■ I can teach you how to cut lemons for the bar or make purée for a dish. But the bigger question is, How can that translate to your everyday success? If I can teach you how to cut lemons uniformly as a garnish or for what we call speed lemons — ones you squeeze on food to give it a splash of acid — then I can start to create a process where your attention to detail becomes a little bit more acute.
■ We wouldn’t have tribal patterns from Africa laced in our curtains if we didn’t want to pay homage to a place that’s informed our very existence in this country, alongside informing the food and the intentionality in the food that we cook.
■ I understand why our culture fights hard to have agency as it relates to soul food.
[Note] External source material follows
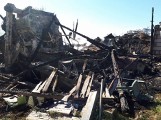 Tragiczny pożar w Szatarpach w gminie Nowa Karczma. Nie żyje 81-letni mężczyzna. Spłonęły też zwierzęta [ZDJĘCIA]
However, our fight is a little broader. We fight hard to have agency over Southern food because it completes the puzzle. There were settlers from all around the world landing in the South, bringing their techniques and ingredients and spice mixes with them. And so for us, it’s not enough to just talk about the food prepared with the scraps or parts not as sought after in the house. What happens to the chops, the loins, the hams, and everything else that wasn’t readily available to Black people? Like most things, when you give them to someone else to prepare, they start to take on a new complexity. And I am most certain that happened as a result of Black people being the cooks in those kitchens.
■ Southern food, like most food, changes based on regionality. It’s really intriguing to us how gumbo is thinner in New Orleans and, as it moves north, gets thicker.
■ I believe in the concept of the golden rule: Treat people the way you want to be treated. That’s my North Star.
■ The recipe for survival is the same now as it was a hundred years ago: one day at a time. One day at a time doesn’t remove or extinguish your ambitions, but it does give you an opportunity to be present in the moment. Slow it all down, stop trying to think about what you’re going to do 12 months from now. That’s a burden I don’t want.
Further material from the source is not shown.